Rasa malas yang timbul saat ia berusia beberapa tahun pun akan terus melekat dan bahkan berkembang menjadi rasa malas yang lain. Karena sejak kecil tidak pernah mengerjakan pekerjaan sehari-hari, saat ia besar nanti akan sangat sulit untuk meminta atau membiasakan sang anak mengerjakan pekerjaan tersebut meskipun di saat itu keluarganya sudah tidak mempekerjakan pembantu lagi dan sang ibu benar-benar kerepotan dengan segala urusan kantor dan rumah tangganya. Kemalasan sang anak ini pun merupakan salah satu faktor pemicu kemarahan orang tua yang cukup ampuh dan kemudian memicu memburuknya hubungan di antara ibu dan anak. Saya pernah mengalaminya. Yang lebih parah, rasa malas untuk mengambil makanan sendiri saat berusia beberapa tahun tersebut dapat berkembang seperti malas mengerjakan tugas saat sang anak sudah bersekolah.
Contoh di atas hanyalah sebuah contoh mudah namun ternyata berefek cukup signifikan. Lantas bagaimana ketika sang anak tersebut dihadapkan pada kondisi yang lebih ekstrim? Puncak dari akibat yang dirasakan lantaran ketidakmandirian biasanya sangat terasa ketika seseorang tersebut harus benar-benar berpisah dengan orang yang biasanya mengambil alih pemenuhan kewajiban sehari-harinya, entah itu pembantu ataupun ibunya, yaitu ketika sang anak sudah mulai menginjak usia dewasa, lulus SMA, dan ingin melanjutkan kuliah di universitas favorit namun jaraknya jauh dari tempat tinggal semula. Di masa inilah segala kemudahan yang dulu tampaknya dihadiahkan oleh orang tua padanya berubah menjadi malapetaka. Di saat teman-temannya banyak yang merasa stress akibat banyak dan sulitnya tugas Ospek dari senior, tugas-tugas dari dosen yang juga tidak boleh dilupakan, serta harus belajar beradaptasi dengan lingkungan dan budaya baru, sang anak tadi harus merasakan itu semua pula dan masih ditambah dengan belajar memenuhi kebutuhan sehari-harinya pribadi seperti mencuci pakaian, menjemur, menyetrika, mencuci piring, dan sebagainya yang bagi teman-temannya sama sekali tidak menjadi masalah namun menjadi masalah yang cukup sulit baginya. Memang pada zaman sekarang semua itu tidak akan menjadi sebuah masalah besar mengingat banyaknya rumah makan ataupun laundry. Namun jika orang tua kembali menghadiahkan kemudahan pada anak untuk dapat memanfaatkan segala fasilitas tersebut, maka si anak akan selamanya terjerat dalam ketidakmandirian dan membutuhkan biaya tambahan yang seharusnya tidak perlu dikeluarkan sepanjang hidupnya.

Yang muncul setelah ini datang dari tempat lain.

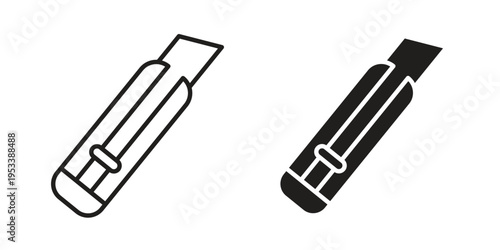 Cutter icon symbols, Solid black and editable stroke icons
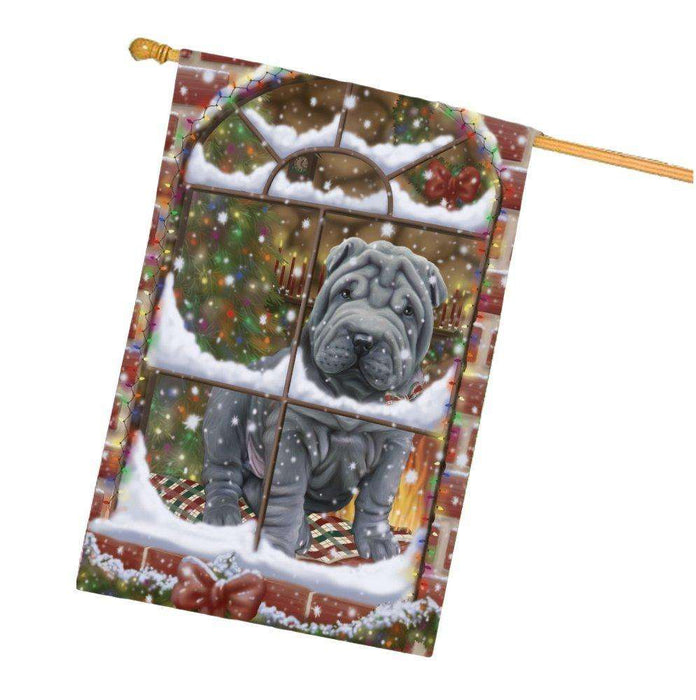 Please Come Home For Christmas Shar Pei Dog Sitting In Window House Flag FLG48439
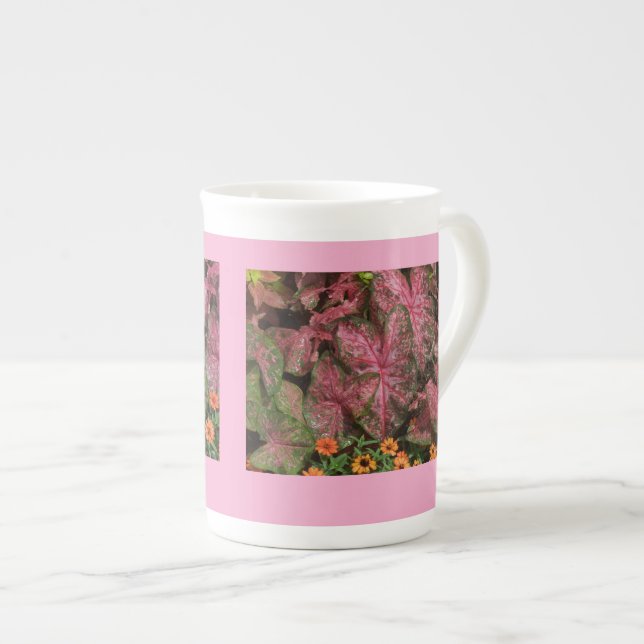 Pink Caladium Cup Teapot (Front Right)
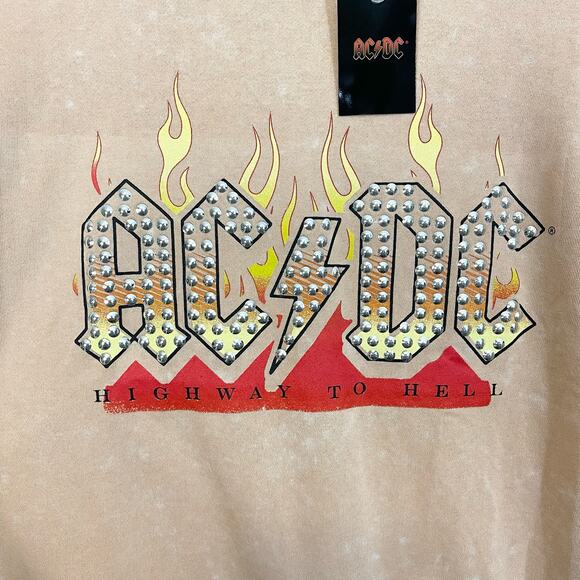 ACDC Peach Highway To Hell Ribbed Studded Graphic Pullover Sweater Medium NWT - Picture 3 of 8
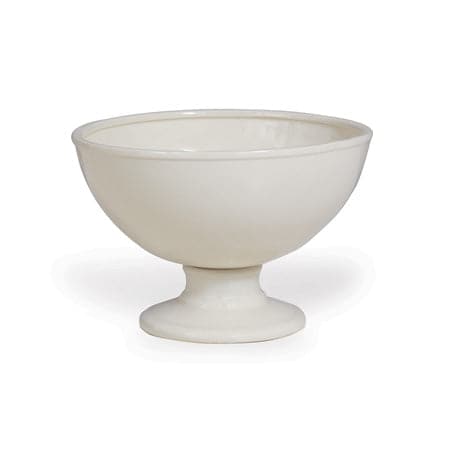 Lantana Ivory Bowl, shown in ivory and off-white with ceramic and elevated pedestal foot.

Jangankan dengan adanya berbagai efek negatif yang kemungkinan besar akan dirasakan sang anak di kemudian hari, tanpa semua efek itu pun seorang ibu yang kemudian seakan menyerahkan sang anak pada pembantu dengan jaminan kemakmuran bagi anak tetap tidak dapat dibenarkan. Bahkan ketika alasan mengapa sang ibu melakukan hal tersebut semata-mata karena ia harus bekerja di mana seluruh pendapatan hasil bekerjanya ia berikan untuk kesejahteraan anaknya karena mencari nafkah sama sekali bukan kewajiban seorang ibu yang notabene merupakan seorang istri. Anak SD melalui Pendidikan Kewarganegaraan pun niscaya tahu bahwa mencari nafkah adalah tugas seorang ayah. Sedangkan kewajiban seorang ibu memang lebih kepada mengasuh dan mendidik anak.

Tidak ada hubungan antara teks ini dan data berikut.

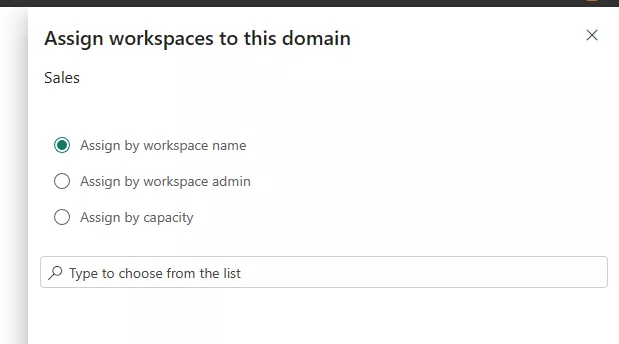 Assign workspaces to Domains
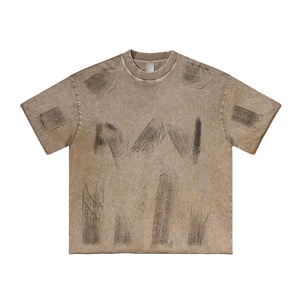 New Summer Arrival Oversized Blank Plain <b>Men</b> Acid Wash Boxy T-Shirts Heavyweight 100% Cotton Blank Plain <b>Men</b> <b>Cropped</b> T-Shirts - Product Image 1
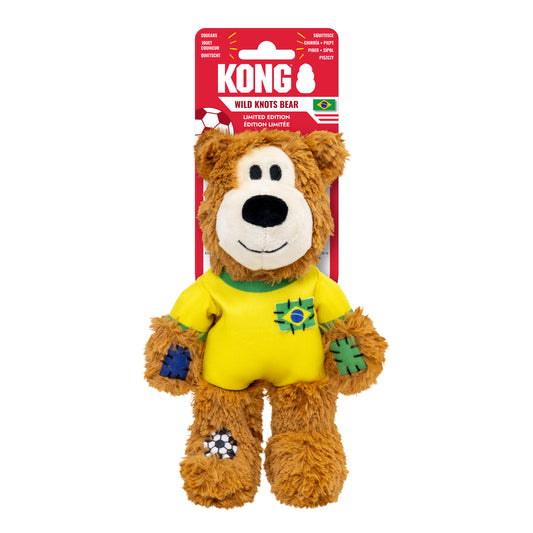 KONG Wild Sports Bear Soft Dog Play Toy Medium - Brazil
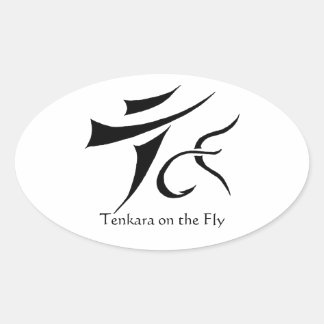 Tenkara en el Pegatina del óvalo mosca
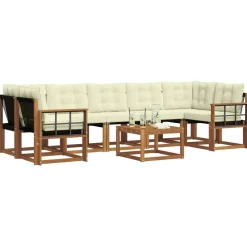 vidaXL Conjunto de sofás de exterior con cojín 8 pcs Natural y crema Outlet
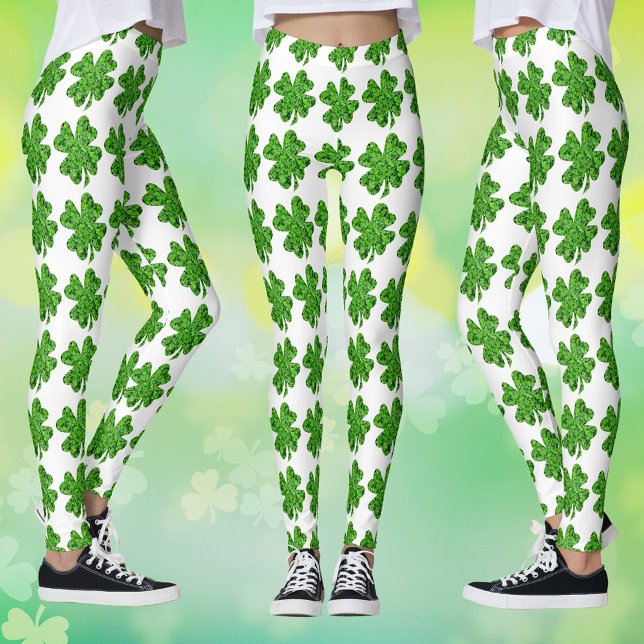 Patrón de trono St. Patrick's Day Leggings (Clover Pattern St. Patrick's Day Leggings)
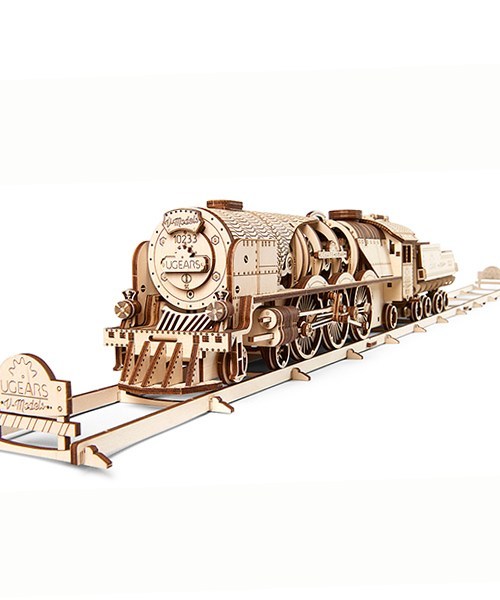 【公式】Ugears ユーギアーズ 蒸気機関車 70058  V-Express Steam Train with Tender V-Expres 知育 ウッドパズル 3D 工作キット 木製 模型 キット　ウッドパズル機関車 3Dパズル 冬休み 小学生 宿題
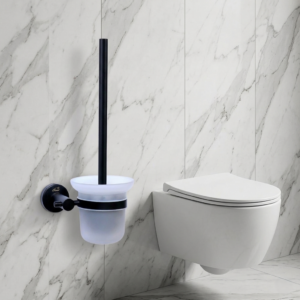 Glass Toilet Brush | Matte Black SS304 Wall-Mounted Set with Frosted Glass Canister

Terlebih, menurut Soekanto (1989) orangtua yang terlalu sibuk membuat anak menjadi kesepian. Dari luar, segala sesuatu memang terlihat beres. Namun bagi anak yang sejak kecil sudah diserahkan pada pembantu akan selalu merasakan kekosongan dan kehampaan yang menyerang dari segala arah. Kemudian ia membentuk pribadinya dengan kekuatannya sendiri yang sesungguhnya belum kuat. Ia pun akan tumbuh menjadi orang keras yang hobi memerintah (bazig) lantaran yang dihadapinya sehari-hari hanyalah seorang pembantu yang selalu menurut padanya.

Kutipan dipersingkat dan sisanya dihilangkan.